Mes amis ukrainiens qui habitent à Nahariya sont venus me voir. Comme avant, nous nous sommes offert 

un « ala ech », un barbecue à l’israélienne. Résilience un peu plus chaque jour. 

Dimanche 6 juillet.

Je me rends à la frontière. La base militaire du kibboutz est vide. Depuis le 8 octobre 2023 au 31 mars 2025, le kibboutz dans son entièreté a été réquisitionné comme base militaire. D’où l’état des routes. Passages des tanks entre autres. Certains blocs de béton de défense n’ont pas encore été retirés du kibboutz. 

Seules trois maisons ont été touchées. Durant la guerre, des canalisations ont été détruites.

Des maisons ont été visitées par des rats qui se sont rassasiés de canapés, lits etc. Pour d’autres des cafards. 

Je me suis rendu cet après-midi à Nahariya. Elle est restée la même. Je retrouve tous les commerçants amis qui  comme moi ont presque deux ans de plus.

Bonne nouvelle. En mon absence, pour les seniors, a été votée une disposition : gratuité sur tous les transports.

Cerise on the cake : sur ma carte de transport – le Rav Kav – j’avais 40 shekels. Ils m’ont été remboursés.

Rak beIsrael.

Et ma maison dans tout ça. Au contraire d’autres qui ont été gravement endommagées par l’humidité, ce n’est pas mon cas. Seule l’étanchéité du toit a dû être refaite. Le jardin ressemblait à la savane, premier passage d’un  jardinier pour le débroussailler, il ressemble un peu au désert de Gobi. En septembre il aura retrouvé toute sa splendeur. Voir la Galilée de mon jardin, ce n’est pas voir les rames du métro parisien durant 16 mois.

Et demain ? Une question se pose :

Si la guerre reprenait, sommes-nous prêts à une nouvelle transhumance dont certains continuent à ne pas bien dormir. Cauchemars récurrents de ce qu’ils ont subi. Dépression, médicaments.

A mon avis les vatikim, ceux qui ont créé le kibboutz, ne partiront pas.C’est toute leur vie et ils sont très âgés.

Certains ont pleuré d’émotion quand ils ont retrouvé leur maison. Le kibboutz a été créé le 8 mai 1938.

Il est hors de question (peut-être) pour ceux qui n’ont pas eu d’autres solutions que d’être logés dans un hôtel du 7 octobre au 31 mars 2025, de revivre cette promiscuité, ce deracinement. De vivre à quatre dans deux chambres d’hôtel de 12 mètres carrés. De subir le bruit de cette foule désemparée. Un déracinement qui a conduit aux horreurs suivantes dont on ne parle pas encore officiellement : incestes, viols entre adultes/mineurs – entre jeunes, divorces et parfois suicides.

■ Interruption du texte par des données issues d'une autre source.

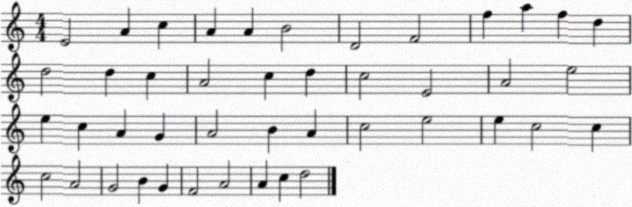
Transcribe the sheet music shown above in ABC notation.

X:1
T:Untitled
M:4/4
L:1/4
K:C
E2 A c A A B2 D2 F2 f a f d d2 d c A2 c d c2 E2 A2 e2 e c A G A2 B A c2 e2 e c2 c c2 A2 G2 B G F2 A2 A c d2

En ce qui me concerne et ma meilleure amie, nous ne partirons pas. Fini le déracinement. Nous avons un abri anti-bombes dans notre maison. Ce n’est pas de l’héroïsme. Nous avons fait le choix d’habiter ce kibboutz, conscients des risques. Mon Alya est une alya sioniste de gauche, pas celle de Netanya.

Au fur à mesure que je rencontrerai des membres, en particulier à la piscine, je leur poserai la question.  

Ne pensez pas que le paysage que je vous décris est en fait un kibboutz toujours en guerre.

Il est très agréable à vivre, minus ce que je viens de vous rapporter, et cela ira crescendo vers sa forme d’antan, j’espère. Avec des changements, bien entendu.

L’attitude qui était celle de membres habitant une ville plutôt qu’un kibboutz communautaire a quelque peu changé à première vue. J’en veux pour preuve mon voisin, qui ne m’a pas adressé la parole depuis mon arrivée, est spontanément venue voir ma femme, Aude Weill-Raynal, lui disant qu’elle n’hésite pas à le déranger pour quoi que ce soit. Dont acte.

Après quatre jours de réacclimatation, je suis à nouveau comme un poisson dans l’eau. Ma chienne Passiflora aussi.

Shavoua tov

Michel 

Hanita le 6 juillet 2025.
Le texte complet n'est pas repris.